Once again, the United Progressive Alliance (UPA) is approaching a session of Parliament with an ambitious legislative agenda. Some of these Bills have been in queue for a long time now. This time, more so than before, it is once again likely to return empty-handed.
This is not just because it has failed to do some political heavy lifting to create the right environment in the run-up to the winter session, but also ignoring or failing to see that the country is facing a mini-election—key states, including Uttar Pradesh (UP), Punjab, Gujarat and Delhi, are readying for assembly elections early next year. An announcement to the effect is imminent from the Election Commission of India.
It would be naïve to expect even the so-called outside supporters such as the Samajwadi Party and Bahujan Samaj Party—electoral opponents of the Congress, particularly in UP— extending even basic courtesies in the session. They’ll most certainly use the highly visible forum of Parliament to posture on a range of issues, and discredit the government in general and the Congress in particular.

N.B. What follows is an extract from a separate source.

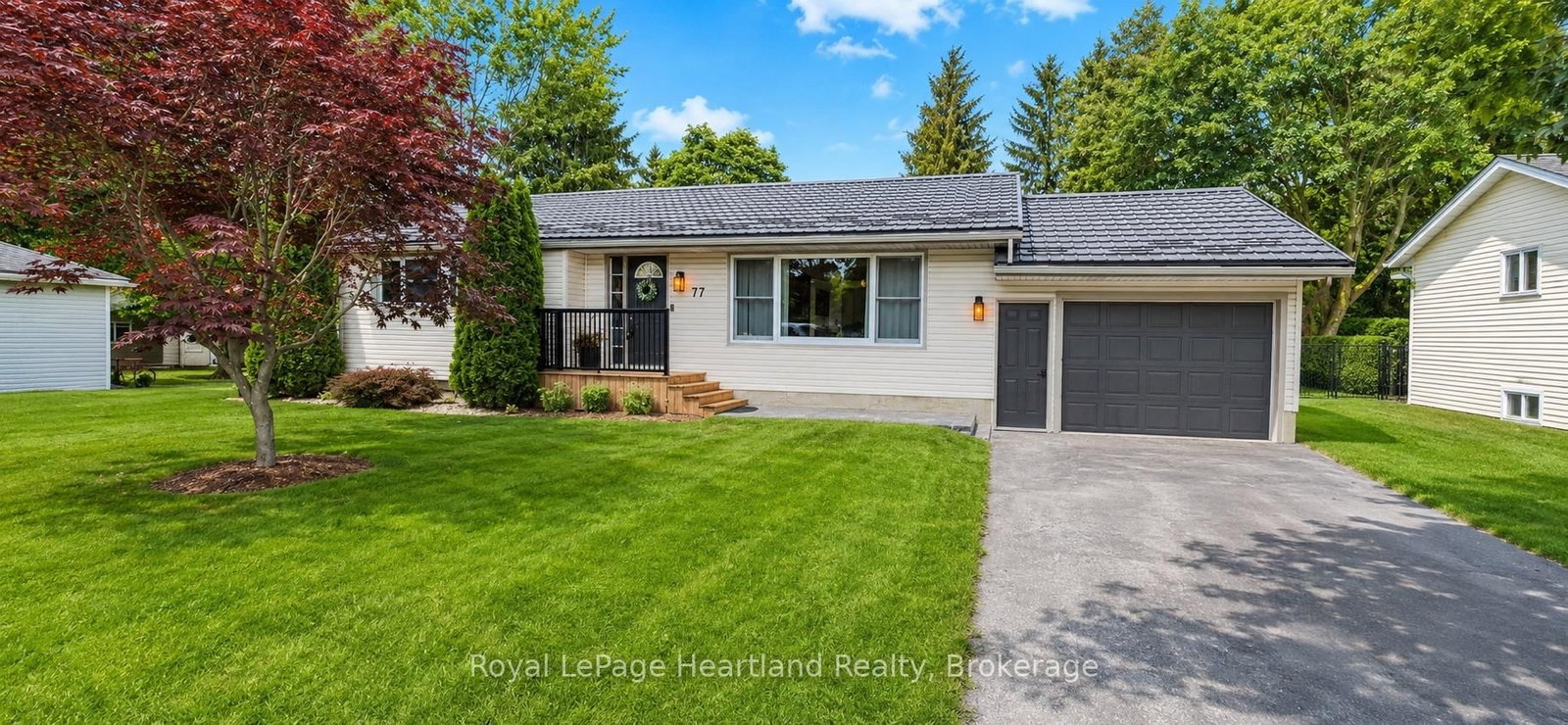 77 Chalk Street N • Huron East, ON photo 1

This session is likely to put the spotlight on corruption and price rise once again—headline inflation as measured by the Wholesale Price Index is hovering just below double digits. Both are hot-button issues with the electorate. The opposition— the Bharatiya Janata Party and the Left parties—has already served a warning. The UPA on its part is unlikely to favour any detailed discussions on either of these issues. Differing priorities suggest another stalemate.
The last few sessions of Parliament suggest a strained relationship between the UPA and the opposition. If nothing, it has only worsened, with both sides, at times, even engaging in personalized attacks on each other. In the last session, both houses lost about one-third of their scheduled time due to disruptions. In the budget session that preceded it, the situation was marginally better.
So almost every sign points to a session that is unlikely to be productive, especially in generating parliamentary approval on legislation. This is tragic, because the country is desperately seeking a fresh start to generate the desired momentum. All the more as global economic conditions rapidly deteriorate. Long pending pro-reform legislation would have served as an ideal platform.